Data source and methodology for the experimental statistics on the calculation of the quarterly migration balance

1.  Measuring international migration

One important objective of migration statistics is to determine the number of foreign citizens residing in Hungary according to the EU definition of the usual resident population (residence of at least 12 months) and also to determine the number of foreign citizens entering and leaving the country according to this definition. A further objective is to examine the migration of Hungarian citizens: the number of Hungarian citizens emigrating or returning is also determined on the basis of the definition of the usual resident population.

Since the beginning of migration statistical data collection, migration data have been published by the Hungarian Central Statistical Office (HCSO) at annual intervals. The aim of the current experimental statistics is to estimate the migration balance on a quarterly basis, which required 1) an increase in the frequency of data collection from annual to quarterly/monthly and 2) the development of models for estimating quarterly migration. The estimation procedure was based on regression models run on already available historical data, which allowed the estimation of the expected residence time of the migrating population. The imputation of missing data using the multivariate analysis method made it possible to estimate residence durations even for individuals for whom data on migration duration were incomplete.

2. Data sources

Currently, the main administrative data sources used to produce migration statistics are:

a)      Ministry of Energy, Personal Data and Address Records (OSAP 2228);

b)      Emigration and return migration of Hungarian citizens: the Social Insurance Identification Number (TAJ) Register of the National Health Insurance Fund Management (NHIF) (OSAP 2197);

Article (5), Section 80 of Act LXXXIII of 1997 on Compulsory Health Insurance Benefits stipulates that anyone who takes out health insurance abroad is obliged to notify the home health insurance company. The social insurance register therefore contains data based on the obligation to report emigration and includes registered migration events. Despite the obligation, the data are not comprehensive.

c)      Emigration and immigration of foreign citizens: aliens administrative registers of the National Directorate-General for Aliens Policing (NDGAP) (OSAP 2196, 2550 data transfers);

There is a separate register for nationals of the European Economic Area (EEA) countries with the right of free movement and residence and third-country nationals.

  3. Practice of migration statistical data processing

The NDGAP database (OSAP 2196 and 2550) is a panel database: a person can appear in several rows (have several migration events). Socio-economic and migration variables can be included as explanatory variables in multivariate analyses and explanatory models. The NDGAP database allows for the analysis of variables such as sex, age, marital status, citizenship, purpose of migration, educational attainment and occupation. However, the latter two variables are only recorded for third-country nationals.

The register of foreigners kept by the NDGAP is one of the most important sources of statistical data on foreigners who have arrived in Hungary and have been granted a residence or permanent residence permit. The register covers citizens of the European Union and EEA countries and third-country nationals. The data from the registers are received monthly by HCSO.

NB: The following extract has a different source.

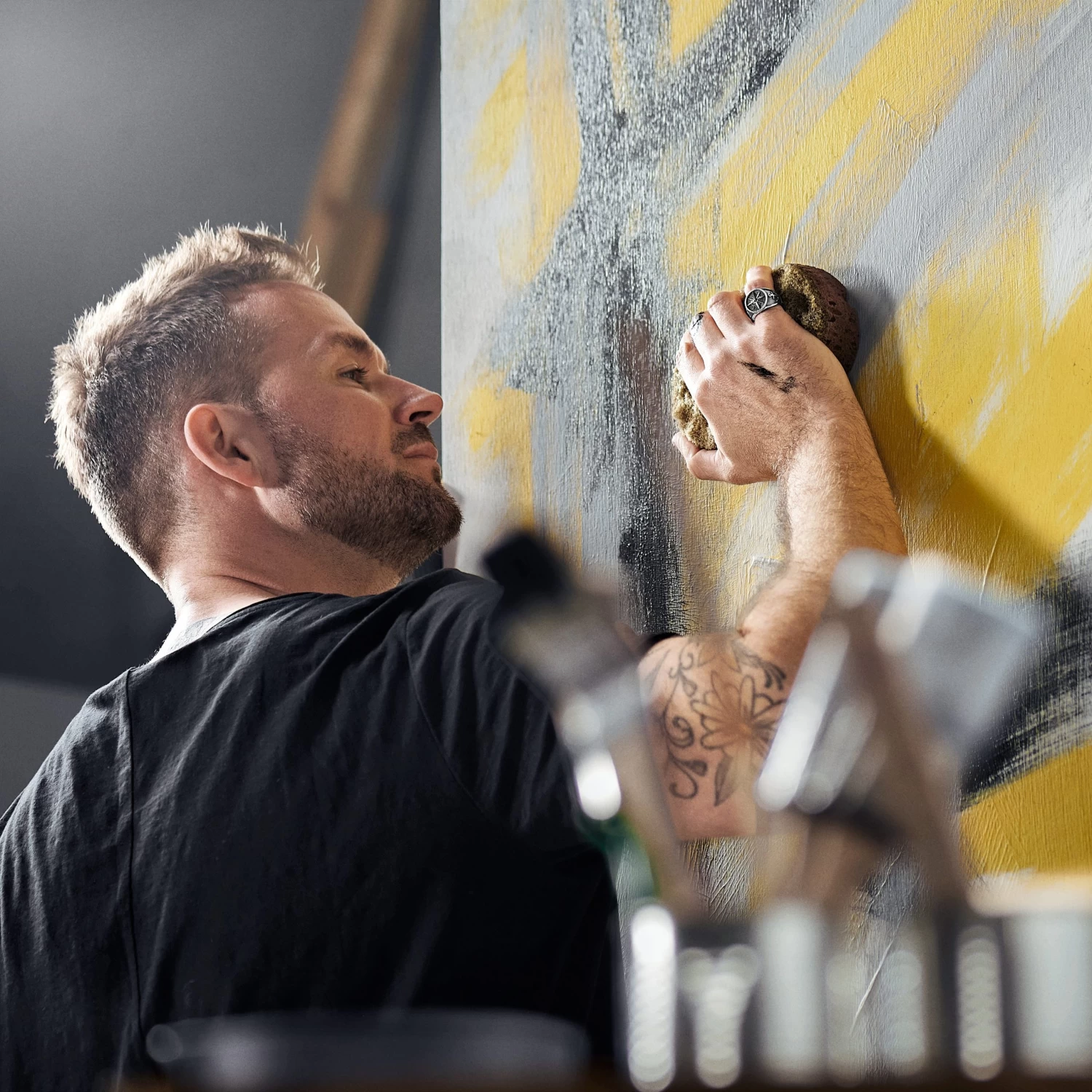 Aras | Nautical-themed Stainless Steel Pinky Signet Ring - Image 4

A specific feature of the EEA file is that registration events for one person are not linked to each other. In the third-country national database, however, the notifications concerning one person are linked. However, there may be a cross-over between the two databases. One of the main challenges in preparing the quarterly migration balance was that the majority of EEA citizens do not have a residence period in the immigration files of the NDGAP The main task was how to assign residence periods to replace the missing residence periods.

The NHIF database also has a panel structure: a person can appear in several rows (have several migration events). In a multivariate statistical model, for example, the following socio-economic variables can be used as explanatory variables: sex, age, marital status and country of emigration. The use of date-type variables is particularly problematic in the NHIF database: so-called censored data are common, where the end of the emigration event has not yet occurred during the observed period, i.e. the date of emigration is known but the date of return is not. It may also happen that the date of emigration before the return migration is not known. There may also be cases where there are further emigration(s) and return migration(s) between two emigration events, but these are not known. These missing dates may, for example, result from the fact that emigrating Hungarian citizens do not report their emigration and return to the authorities. Due to censored and missing data, the duration of Hungarian citizens' stay abroad can be estimated using multivariate analysis methods.  

4. Linear regression

Numerous statistical methods (e.g. linear or censored regression models) can be used to estimate the censored and missing duration of migration events, which may take into account the explanatory variables mentioned earlier. We chose the loglinear regression model to estimate the missing duration of migration events. The model equation can be written as follows:

where:

The explanatory variables of the model can be the socio-demographic characteristics of the individual and the main characteristics associated with migration events. If only one known start or end date is associated with the migration event, then the estimated duration of stay in Hungary/abroad in days is added to or subtracted from the date to obtain the missing date. Using the log-linear model, it is possible to impute future dates, i.e. to estimate the expected end of the migration event.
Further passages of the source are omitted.